Loading Now

Summary of Do Counterfactual Examples Complicate Adversarial Training?, by Eric Yeats et al.


Do Counterfactual Examples Complicate Adversarial Training?

by Eric Yeats, Cameron Darwin, Eduardo Ortega, Frank Liu, Hai Li

First submitted to arxiv on: 16 Apr 2024

Categories

  • Main: Machine Learning (cs.LG)
  • Secondary: Computer Vision and Pattern Recognition (cs.CV)
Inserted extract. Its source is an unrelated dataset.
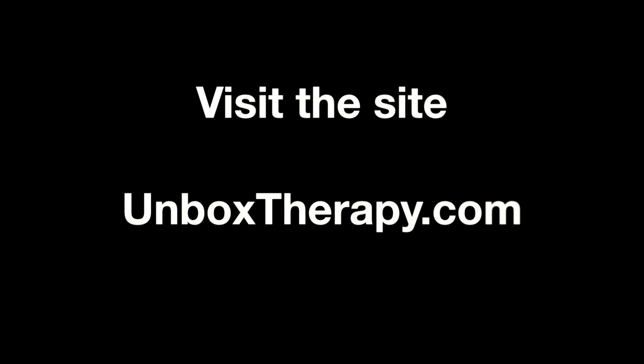Anyway guys, if you enjoyed this content then hopefully you can like and favorite this video. If you want to see me plug this thing in and play it and figure it all out, let me know down in the comments. If you haven't checked out the new website yet, please go ahead and do that - it's unboxtherapy.com. I'll be adding some cool features that aren't even there yet, so please come check it out. As always, thanks for watching and I'll see you on the next one.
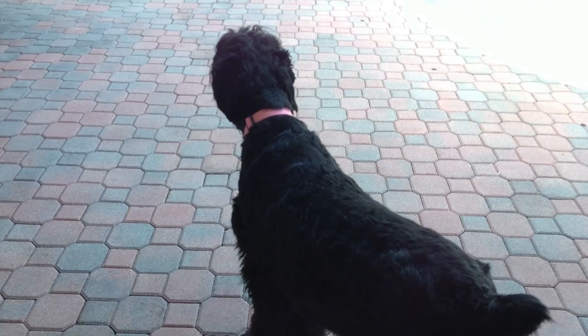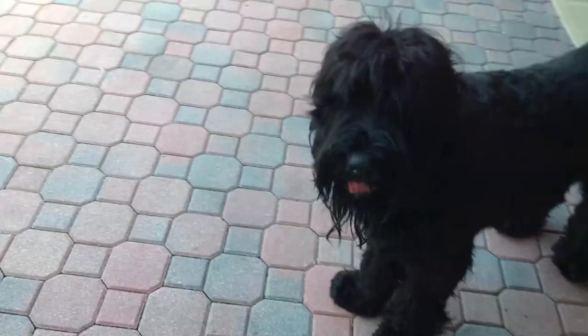Hey guys, Adam here. Today I have a camera quality test of the brand new iPod Touch 5th generation's back-facing camera.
     Abstract of paper      PDF of paper


GrooveSquid.com Paper Summaries

GrooveSquid.com’s goal is to make artificial intelligence research accessible by summarizing AI papers in simpler terms. Each summary below covers the same AI paper, written at different levels of difficulty. The medium difficulty and low difficulty versions are original summaries written by GrooveSquid.com, while the high difficulty version is the paper’s original abstract. Feel free to learn from the version that suits you best!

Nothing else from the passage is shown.